In about 1902 a person named Sri Sivaprakasam Pillai met Sri Ramana Maharshi at the Virupaksha cave in Thiruvannamalai and posed his doubts on self realisation. His questions and Ramana Maharshi’s answers (about 28 in number) have been published as the book ‘Who Am I ‘ . These questions and their answers can be read here. I would like to highlight below one question which explains how to practice self inquiry. It may be used as a method to channelize ones thoughts. Here is a photo of Ramana in his young age.


Qn: What is the means for constantly holding on to the thought Who am I ?
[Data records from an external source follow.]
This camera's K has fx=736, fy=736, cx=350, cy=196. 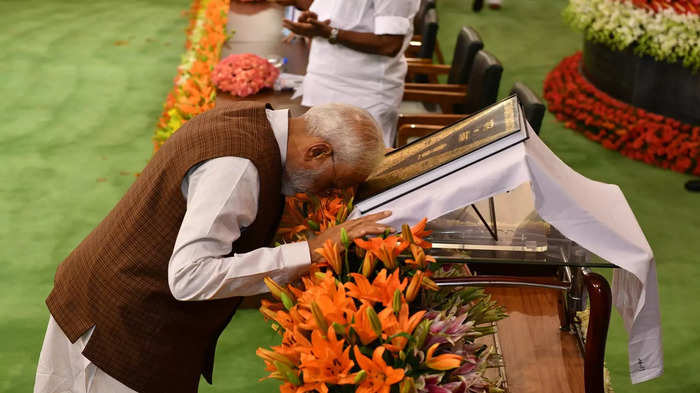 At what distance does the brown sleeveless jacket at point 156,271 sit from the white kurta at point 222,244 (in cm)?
3

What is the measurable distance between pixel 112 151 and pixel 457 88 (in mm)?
2170

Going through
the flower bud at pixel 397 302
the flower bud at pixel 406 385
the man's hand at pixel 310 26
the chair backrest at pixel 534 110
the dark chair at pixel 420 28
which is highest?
Result: the flower bud at pixel 397 302

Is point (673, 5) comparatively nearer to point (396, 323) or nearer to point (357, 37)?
point (357, 37)

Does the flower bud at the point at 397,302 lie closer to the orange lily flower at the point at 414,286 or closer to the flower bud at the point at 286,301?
the orange lily flower at the point at 414,286

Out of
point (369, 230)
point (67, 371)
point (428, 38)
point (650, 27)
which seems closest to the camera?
point (369, 230)

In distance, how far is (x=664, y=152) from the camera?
4.39 metres

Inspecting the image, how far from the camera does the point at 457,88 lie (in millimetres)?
3801

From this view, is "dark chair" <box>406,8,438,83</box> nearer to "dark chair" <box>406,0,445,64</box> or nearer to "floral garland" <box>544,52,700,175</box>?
"dark chair" <box>406,0,445,64</box>

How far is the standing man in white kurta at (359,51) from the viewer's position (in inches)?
109

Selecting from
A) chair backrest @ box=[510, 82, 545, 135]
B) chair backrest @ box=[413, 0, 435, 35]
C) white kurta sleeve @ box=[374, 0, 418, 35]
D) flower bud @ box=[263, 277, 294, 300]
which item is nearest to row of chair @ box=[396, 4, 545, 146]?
chair backrest @ box=[510, 82, 545, 135]

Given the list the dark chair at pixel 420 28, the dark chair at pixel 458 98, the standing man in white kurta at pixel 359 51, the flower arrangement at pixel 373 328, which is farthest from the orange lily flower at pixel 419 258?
the dark chair at pixel 420 28

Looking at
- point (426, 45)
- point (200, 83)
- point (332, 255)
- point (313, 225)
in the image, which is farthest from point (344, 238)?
point (426, 45)

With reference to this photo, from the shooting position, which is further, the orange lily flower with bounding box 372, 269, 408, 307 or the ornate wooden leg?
the ornate wooden leg

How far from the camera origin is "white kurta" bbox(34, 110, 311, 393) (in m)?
1.37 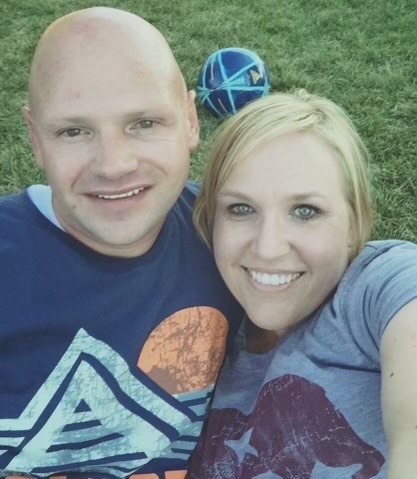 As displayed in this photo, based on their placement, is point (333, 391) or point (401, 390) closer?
point (401, 390)

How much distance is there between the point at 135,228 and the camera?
1681 millimetres

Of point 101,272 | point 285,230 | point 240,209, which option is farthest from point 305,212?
point 101,272

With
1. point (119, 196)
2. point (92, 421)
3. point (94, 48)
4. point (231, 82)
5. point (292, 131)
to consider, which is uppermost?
point (94, 48)

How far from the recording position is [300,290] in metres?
1.73

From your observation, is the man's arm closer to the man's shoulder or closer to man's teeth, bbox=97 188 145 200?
man's teeth, bbox=97 188 145 200

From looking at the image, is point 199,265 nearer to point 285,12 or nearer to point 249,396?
point 249,396

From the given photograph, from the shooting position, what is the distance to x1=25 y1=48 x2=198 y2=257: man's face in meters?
1.62

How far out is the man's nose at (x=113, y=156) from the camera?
161 cm

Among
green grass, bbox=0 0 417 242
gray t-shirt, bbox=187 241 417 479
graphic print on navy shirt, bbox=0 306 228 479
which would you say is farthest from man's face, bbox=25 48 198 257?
green grass, bbox=0 0 417 242

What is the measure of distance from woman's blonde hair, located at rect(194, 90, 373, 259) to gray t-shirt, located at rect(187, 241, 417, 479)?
0.14 metres

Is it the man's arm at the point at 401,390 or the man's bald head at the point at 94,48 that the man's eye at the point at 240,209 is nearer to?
the man's bald head at the point at 94,48

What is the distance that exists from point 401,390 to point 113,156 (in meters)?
0.81

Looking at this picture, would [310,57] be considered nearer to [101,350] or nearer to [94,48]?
[94,48]

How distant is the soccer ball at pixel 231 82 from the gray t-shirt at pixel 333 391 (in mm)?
2349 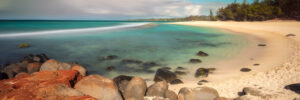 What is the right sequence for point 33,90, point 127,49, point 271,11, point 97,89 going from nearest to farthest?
point 33,90 → point 97,89 → point 127,49 → point 271,11

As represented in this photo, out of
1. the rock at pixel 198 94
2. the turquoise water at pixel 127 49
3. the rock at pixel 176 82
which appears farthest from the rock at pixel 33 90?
the turquoise water at pixel 127 49

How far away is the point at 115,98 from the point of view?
349cm

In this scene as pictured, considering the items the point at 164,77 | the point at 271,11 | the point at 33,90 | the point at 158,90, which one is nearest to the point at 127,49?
the point at 164,77

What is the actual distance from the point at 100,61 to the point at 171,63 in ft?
16.0

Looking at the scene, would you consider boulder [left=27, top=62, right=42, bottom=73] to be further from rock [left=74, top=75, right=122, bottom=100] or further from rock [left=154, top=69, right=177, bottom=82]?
rock [left=154, top=69, right=177, bottom=82]

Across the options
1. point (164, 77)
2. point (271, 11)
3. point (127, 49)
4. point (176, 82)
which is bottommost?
point (176, 82)

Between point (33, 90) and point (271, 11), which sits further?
point (271, 11)

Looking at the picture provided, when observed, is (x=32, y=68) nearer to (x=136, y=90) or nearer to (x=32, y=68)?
(x=32, y=68)

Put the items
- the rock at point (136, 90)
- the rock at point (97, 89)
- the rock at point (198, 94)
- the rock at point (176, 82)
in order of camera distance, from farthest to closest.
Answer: the rock at point (176, 82)
the rock at point (136, 90)
the rock at point (198, 94)
the rock at point (97, 89)

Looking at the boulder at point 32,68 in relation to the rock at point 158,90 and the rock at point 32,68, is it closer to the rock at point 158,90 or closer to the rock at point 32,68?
the rock at point 32,68

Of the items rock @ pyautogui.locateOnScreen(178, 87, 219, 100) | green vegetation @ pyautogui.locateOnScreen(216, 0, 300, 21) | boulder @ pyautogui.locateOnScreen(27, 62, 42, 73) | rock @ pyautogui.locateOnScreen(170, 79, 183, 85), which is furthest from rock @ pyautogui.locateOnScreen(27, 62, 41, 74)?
green vegetation @ pyautogui.locateOnScreen(216, 0, 300, 21)

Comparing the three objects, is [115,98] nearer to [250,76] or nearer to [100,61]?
[250,76]

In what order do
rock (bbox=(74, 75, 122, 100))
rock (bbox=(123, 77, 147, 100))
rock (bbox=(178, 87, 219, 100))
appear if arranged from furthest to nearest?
rock (bbox=(123, 77, 147, 100)), rock (bbox=(178, 87, 219, 100)), rock (bbox=(74, 75, 122, 100))

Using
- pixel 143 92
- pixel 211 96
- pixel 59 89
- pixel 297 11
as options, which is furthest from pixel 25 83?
pixel 297 11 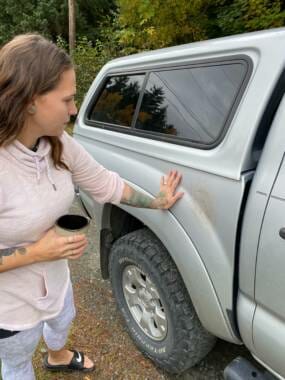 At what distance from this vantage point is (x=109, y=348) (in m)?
2.51

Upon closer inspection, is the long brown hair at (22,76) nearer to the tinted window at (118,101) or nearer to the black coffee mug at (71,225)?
the black coffee mug at (71,225)

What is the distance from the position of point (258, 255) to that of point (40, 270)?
0.89 meters

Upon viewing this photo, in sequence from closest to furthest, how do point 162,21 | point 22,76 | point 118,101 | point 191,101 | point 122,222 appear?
1. point 22,76
2. point 191,101
3. point 122,222
4. point 118,101
5. point 162,21

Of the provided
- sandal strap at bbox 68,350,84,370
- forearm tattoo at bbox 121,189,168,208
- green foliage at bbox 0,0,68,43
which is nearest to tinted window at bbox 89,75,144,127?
forearm tattoo at bbox 121,189,168,208

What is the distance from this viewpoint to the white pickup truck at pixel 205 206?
1.46 meters

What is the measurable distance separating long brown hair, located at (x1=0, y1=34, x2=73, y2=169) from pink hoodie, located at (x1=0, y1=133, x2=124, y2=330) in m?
0.10

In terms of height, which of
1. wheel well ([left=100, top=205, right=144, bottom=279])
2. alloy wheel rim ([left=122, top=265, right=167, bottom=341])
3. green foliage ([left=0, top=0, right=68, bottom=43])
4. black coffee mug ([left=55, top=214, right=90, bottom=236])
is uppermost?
green foliage ([left=0, top=0, right=68, bottom=43])

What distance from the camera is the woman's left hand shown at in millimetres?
1801

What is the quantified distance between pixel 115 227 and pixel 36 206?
1168mm

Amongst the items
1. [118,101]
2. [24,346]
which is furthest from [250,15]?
[24,346]

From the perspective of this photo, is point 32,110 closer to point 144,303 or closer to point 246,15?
point 144,303

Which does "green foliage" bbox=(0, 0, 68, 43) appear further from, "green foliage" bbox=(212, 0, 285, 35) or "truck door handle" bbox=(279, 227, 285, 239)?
"truck door handle" bbox=(279, 227, 285, 239)

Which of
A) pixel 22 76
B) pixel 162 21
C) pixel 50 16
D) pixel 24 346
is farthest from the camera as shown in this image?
pixel 50 16

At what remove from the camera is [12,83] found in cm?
121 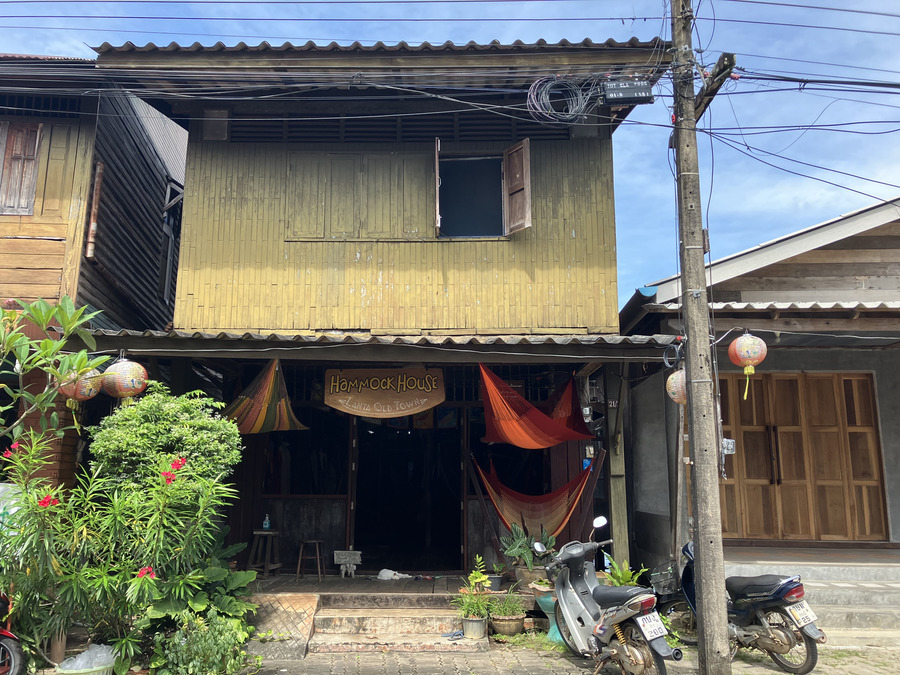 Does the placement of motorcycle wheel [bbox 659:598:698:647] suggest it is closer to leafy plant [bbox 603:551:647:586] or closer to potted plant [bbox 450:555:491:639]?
leafy plant [bbox 603:551:647:586]

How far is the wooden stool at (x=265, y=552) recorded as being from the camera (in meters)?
9.12

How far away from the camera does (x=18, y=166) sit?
916cm

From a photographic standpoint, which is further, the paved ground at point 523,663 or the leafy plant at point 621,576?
the leafy plant at point 621,576

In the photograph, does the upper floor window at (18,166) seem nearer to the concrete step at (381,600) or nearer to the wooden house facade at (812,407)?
the concrete step at (381,600)

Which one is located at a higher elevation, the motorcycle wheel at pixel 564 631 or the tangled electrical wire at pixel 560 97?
the tangled electrical wire at pixel 560 97

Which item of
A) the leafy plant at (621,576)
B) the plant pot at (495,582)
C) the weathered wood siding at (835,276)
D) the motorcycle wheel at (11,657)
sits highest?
the weathered wood siding at (835,276)

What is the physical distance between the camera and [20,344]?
6.21 meters

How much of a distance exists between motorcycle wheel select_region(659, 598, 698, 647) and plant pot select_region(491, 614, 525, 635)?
1.52 meters

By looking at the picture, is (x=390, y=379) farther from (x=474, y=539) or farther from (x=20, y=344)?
(x=20, y=344)

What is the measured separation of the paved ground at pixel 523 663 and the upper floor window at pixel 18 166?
22.3 feet


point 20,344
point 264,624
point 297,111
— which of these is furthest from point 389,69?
point 264,624

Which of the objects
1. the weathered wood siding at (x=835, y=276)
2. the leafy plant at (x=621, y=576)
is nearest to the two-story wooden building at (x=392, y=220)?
the leafy plant at (x=621, y=576)

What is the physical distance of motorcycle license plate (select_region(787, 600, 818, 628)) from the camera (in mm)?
6059

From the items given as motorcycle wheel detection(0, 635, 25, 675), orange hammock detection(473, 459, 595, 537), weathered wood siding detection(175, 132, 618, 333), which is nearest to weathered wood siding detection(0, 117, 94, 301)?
weathered wood siding detection(175, 132, 618, 333) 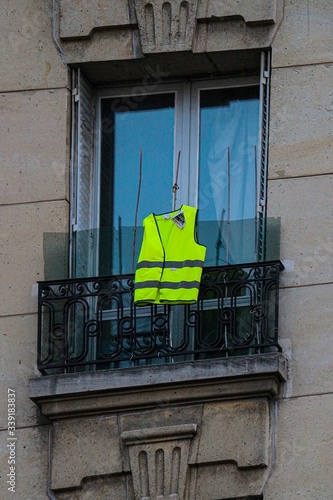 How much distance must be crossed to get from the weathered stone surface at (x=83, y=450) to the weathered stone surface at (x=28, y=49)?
2825mm

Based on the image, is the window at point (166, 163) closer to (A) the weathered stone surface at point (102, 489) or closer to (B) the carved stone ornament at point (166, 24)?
(B) the carved stone ornament at point (166, 24)

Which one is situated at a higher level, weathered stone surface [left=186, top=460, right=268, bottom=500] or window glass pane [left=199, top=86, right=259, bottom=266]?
window glass pane [left=199, top=86, right=259, bottom=266]

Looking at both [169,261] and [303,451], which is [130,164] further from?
[303,451]

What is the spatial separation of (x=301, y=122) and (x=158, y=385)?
2.35 meters

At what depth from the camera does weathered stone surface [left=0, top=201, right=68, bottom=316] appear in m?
16.2

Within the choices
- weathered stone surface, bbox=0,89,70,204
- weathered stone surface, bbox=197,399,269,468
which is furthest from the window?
weathered stone surface, bbox=197,399,269,468

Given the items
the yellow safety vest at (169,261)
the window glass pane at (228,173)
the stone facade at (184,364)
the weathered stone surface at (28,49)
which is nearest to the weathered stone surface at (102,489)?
the stone facade at (184,364)

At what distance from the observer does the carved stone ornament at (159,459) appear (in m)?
15.4

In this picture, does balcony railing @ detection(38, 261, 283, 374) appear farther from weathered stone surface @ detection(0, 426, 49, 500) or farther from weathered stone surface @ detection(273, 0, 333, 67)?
weathered stone surface @ detection(273, 0, 333, 67)

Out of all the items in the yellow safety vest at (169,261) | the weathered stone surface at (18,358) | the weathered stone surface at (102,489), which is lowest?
the weathered stone surface at (102,489)

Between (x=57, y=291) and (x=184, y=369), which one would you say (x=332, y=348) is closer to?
(x=184, y=369)

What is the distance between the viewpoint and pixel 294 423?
1541cm

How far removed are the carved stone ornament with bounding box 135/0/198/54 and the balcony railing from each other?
1902mm

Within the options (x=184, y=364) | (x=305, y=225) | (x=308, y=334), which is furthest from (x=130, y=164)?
(x=308, y=334)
Ans: When other thoughts arise, one should not pursue them, but should inquire: ‘To whom do they arise?’ It does not matter how many thoughts arise. As each thought arises, one should inquire with diligence, “To whom has this thought arisen?”. The answer that would emerge would be “To me”. Thereupon if one inquires “Who am I?”, the mind will go back to its source; and the thought that arose will become quiescent. With repeated practice in this manner, the mind will develop the skill to stay in its source. When the mind that is subtle goes out through the brain and the sense-organs, the gross names and forms appear; when it stays in the heart, the names and forms disappear. Not letting the mind go out, but retaining it in the Heart is what is called “inwardness” (antar-mukha). Letting the mind go out of the Heart is known as “externalisation” (bahir-mukha). Thus, when the mind stays in the Heart, the ‘I’ which is the source of all thoughts will go, and the Self which ever exists will shine. Whatever one does, one should do without the egoity “I”. If one acts in that way, all will appear as of the nature of Siva (God).